Myanmar's democracy icon and opposition leader Aung San Suu Kyi received the Congressional Gold Medal, the highest US civilian honor, at a ceremony held in Washington on Wednesday, four years after she was named as the recipient of the award.
Suu Kyi was awarded the Congressional Gold Medal in 2008, but she could not collect it then as she had been under house-arrest for the most part of the past 20 years. Notably, she collected the Nobel Peace Prize awarded to her in 1991 only in June.
Suu Kyi was presented with the Congressional Gold Medal at a ceremony attended by US Secretary of State Hillary Clinton, former First Lady Laura Bush and a host of Republican and Democrat lawmakers.
Speaking at the ceremony, Suu Kyi said it was "one of the most moving days" of her life and thanked the United States for supporting her pro-democracy movement "during the dark years when freedom and justice seemed beyond our reach".
"The ties of friendship and understanding that have developed between you and lovers of democracy in Burma compensate for much of the trials we had to suffer over the past decades," the Nobel laureate said. She also reiterated calls for lifting the remaining US sanctions imposed on Myanmar, noting that the country's new government was "committed to democratic values."
"We believe that we can go forward in unity and in peace and give our friends the satisfaction of helping us to to get to a place where all people wish to get to: the place where dreams are realized," she added.
Suu Kyi is currently on a three-week visit to the United States, which is her first trip to the country in more than two decades. She is due to hold talks with President Barack Obama at the White House later on Wednesday.
She held talks with Secretary Clinton at the State Department on Tuesday, marking their second meeting this year. During their talks, Suu Kyi had called for further easing of sanctions against Burma's military-backed government.

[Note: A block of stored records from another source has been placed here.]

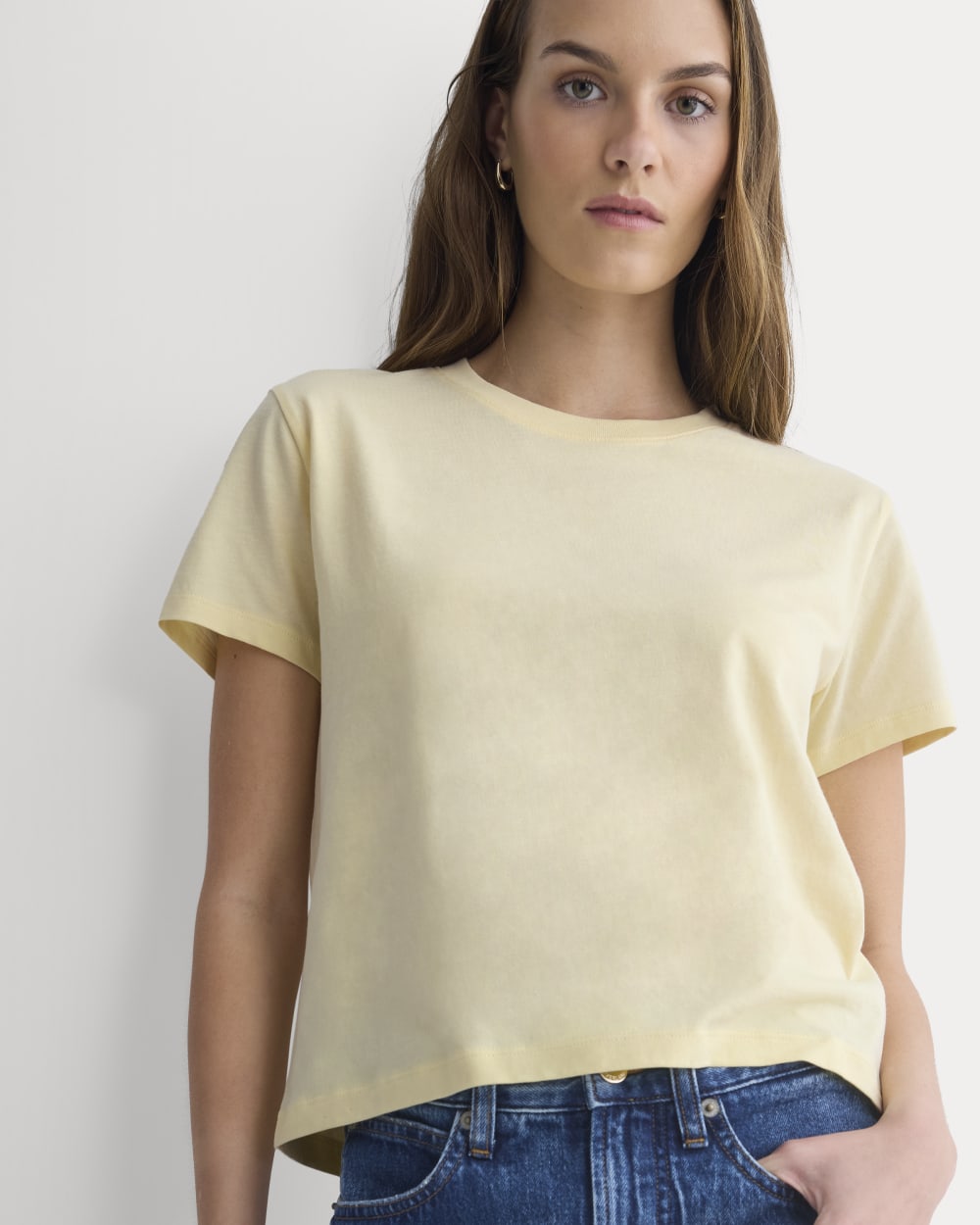 The Box-Cut Tee in Essential Cotton | Double Cream | No Pocket - Image 4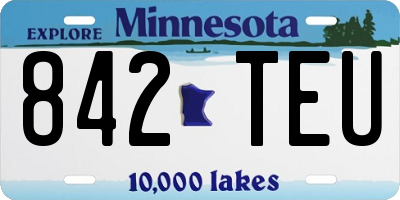 MN license plate 842TEU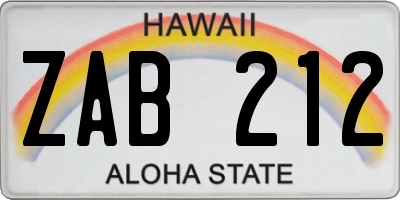 HI license plate ZAB212
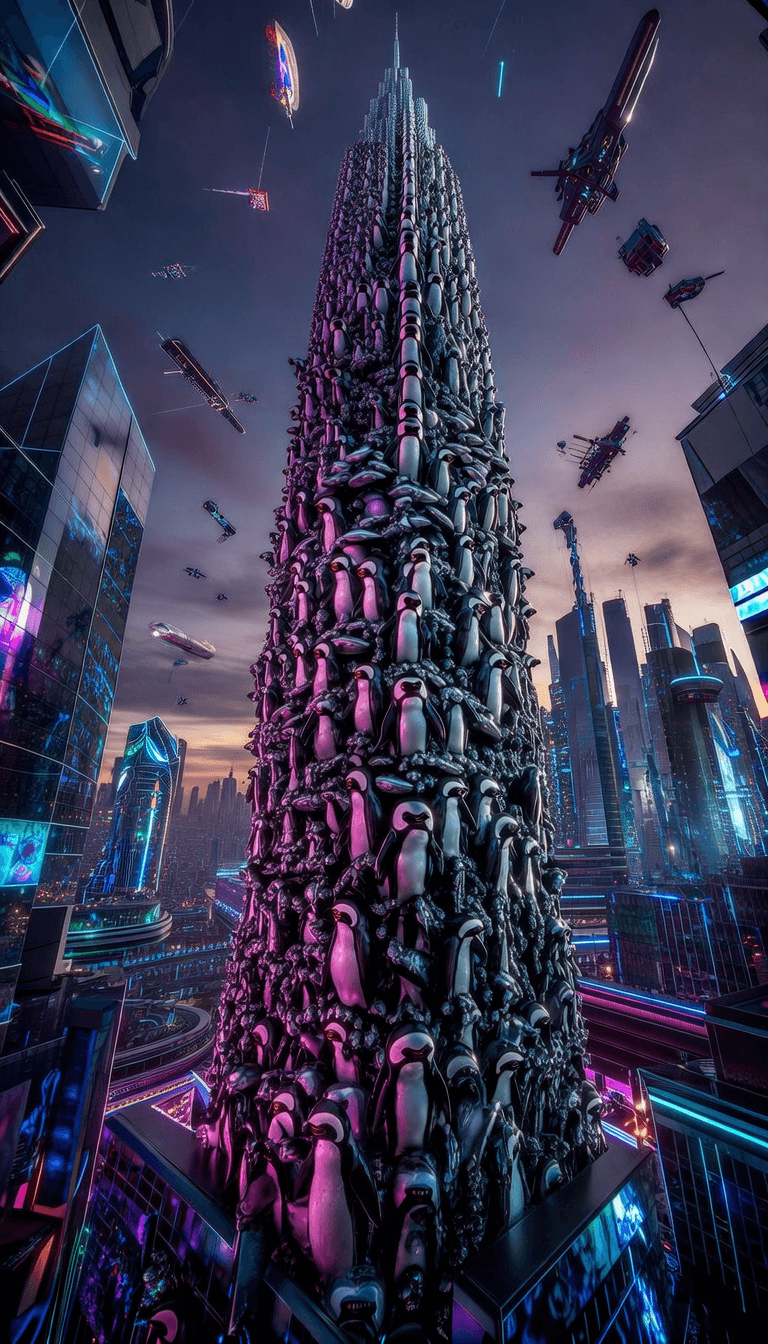 A towering skyscraper intricately constructed from countless sleek, glossy penguins seamlessly fused together, rising dramatically amidst a sprawling futuristic cityscape filled with neon-lit buildings and flying vehicles. The scene is bathed in the cool glow of twilight, with reflective glass surfaces and holographic billboards casting vibrant blues and purples across the structure. The mood is awe-inspiring and surreal, blending organic forms with advanced technology, captured from a low-angle perspective to emphasize the immense scale and unique architecture.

The developments come ahead of Myanmar President Thein Sein's planned US visit later this month to attend the United Nations General Assembly. Earlier on Wednesday, the US Treasury removed Thein Sein and Thura Shwe Mann, the speaker of the lower house of parliament, from its list of "Specially Designated Nationals" which sanctions individuals.
Under his leadership, Myanmar, previously known as Burma, had made great strides toward democracy in recent months, including holding free elections to elect a new Parliament, freeing political prisoners and holding talks with ethnic rebel groups present in the countryside.
Since assuming power in March 2011, Thein Sein's government has also implemented several reforms demanded by the opposition and the international community. One notable stride made by Sein's government was the release from house-arrest of Suu Kyi, who has since been allowed to travel freely within the country and abroad.
Suu Kyi won a Parliament seat in the recent by-elections. Although her National League for Democracy (NLD) party boycotted the November 2010 polls, it later decided to rejoin mainstream politics and was subsequently allowed to contest the by-polls in which the party secured 40 of the 45 seats contested. Nevertheless, the Army's proxy Union Solidarity and Development Party (USDP) still dominate the 664-seat bicameral Parliament with about 80 percent seats.
Following the widely acclaimed by-elections and the recently implemented reforms, Western powers, including the United States, Britain, European Union and Australia, have softened their approach toward Myanmar and eased most of their sanctions imposed on the previous military junta.